Jennifer Wolch, formerly a professor of geography and urban planning at the University of Southern California, will become dean of the University of California, Berkeley’s College of Environmental Design on July 1.  The College encompasses Berkeley’s Architecture, City & Regional Planning, Urban Design, and Landscape Architecture & Environmental Planning programs.

Wolch, who received her Ph.D. at Princeton, has been at USC since 1979. She was a founding director of the University’s Center for Sustainable Cities, which promotes sustainable urbanism and economic vitality; and she headed the Green Vision Plan for 21st Century Southern California, a planning guide for habitat conservation, watershed health, and recreational open space. She also worked with a team of architects, urban designers, planners, and engineers to develop the City of Los Angeles’ strategic plan for its downtown.

Wolch said she plans to use her social, political, and environmental expertise to help shape the college’s future plans, while making several other adjustments to help the school adapt to changing times. On the environmental side, she noted a desire among students for more coursework dealing with sustainability—from building level to regional scale—and a need to help faculty continue to shape debate in planning and government policy through research, testimony, and participation in public forums. She also wants to get students even more involved with grassroots organizations, as well as with major architectural firms.

“Given all the challenges around climate change and sustainability and questions of globalization, poverty, public health, and social justice, we now realize just how urgent it is to address these issues,” she said.

On a curricular level, Wolch expressed a goal to augment interaction between departments in the college, and within the university as a whole.

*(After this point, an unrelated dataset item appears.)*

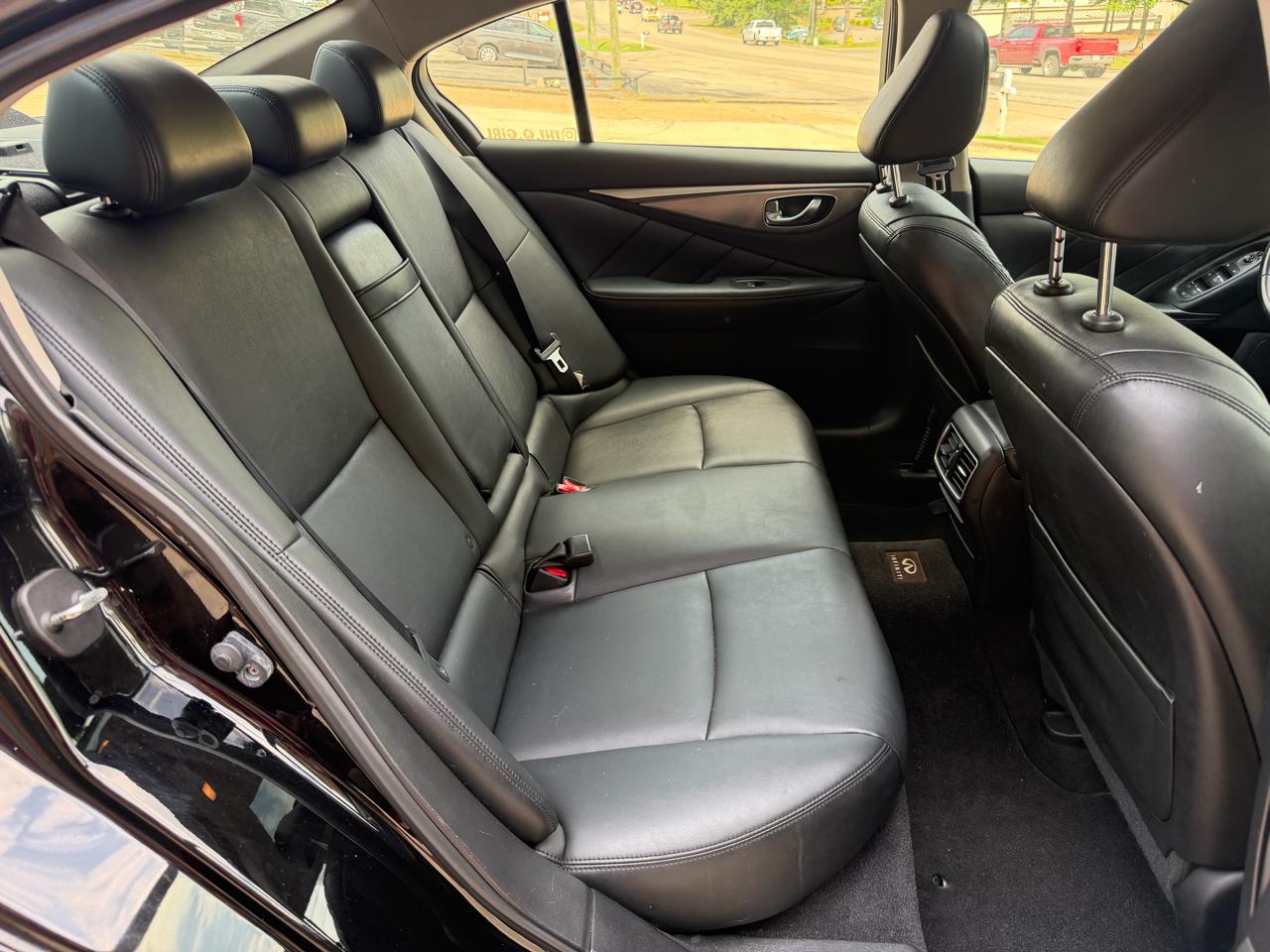 Infiniti Q50 Base 2015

She said that the college could take greater advantage of Berkeley’s resources in other fields like public health, engineering, energy resources, transportation systems, and material sciences.

She also noted a desire to ramp up the school’s advanced technical facilities, with a “shop of the 21st century,” featuring new architectural fabrication tools, experimental materials, and more software related to architectural visualization and creation, GIS, and community planning. 

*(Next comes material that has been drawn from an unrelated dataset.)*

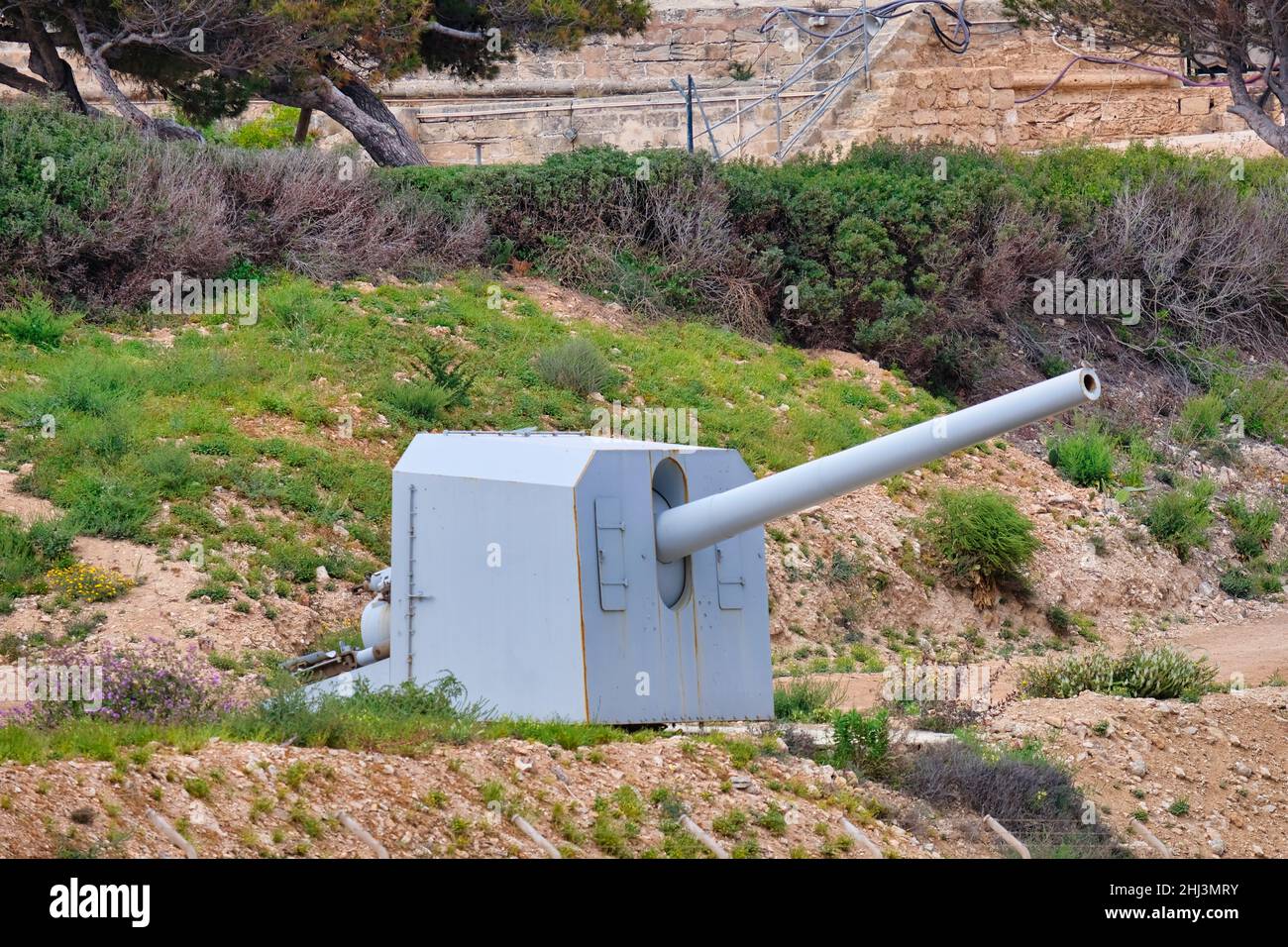 Cannone militare utilizzato per la difesa marittima in Spagna Foto Stock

“These shouldn’t replace conventional tools and fundamental ideas, but they’re an important part of what contemporary practice is about,” she said.

The college, she noted, is in a time of renewal, given the arrival of new faculty. As many as five new professors could be coming on board in the next couple of years, said Wolch. Already the college has announced the appointment of Margaret Crawford, formerly a professor of urban planning theory at the Harvard Graduate School of Design, and is conducting a search for a new architecture department chair. 

“I think we’ll be getting a lot of input on future directions from both the younger faculty as well as terrific senior faculty,” she added. 

Wolch becomes the college’s first female dean, and UC Berkeley’s fourth current female dean. She replaces Harrison Fraker, who stepped down last year. Berkeley architecture professor Sam Davis is serving as interim dean until Wolch takes up her post.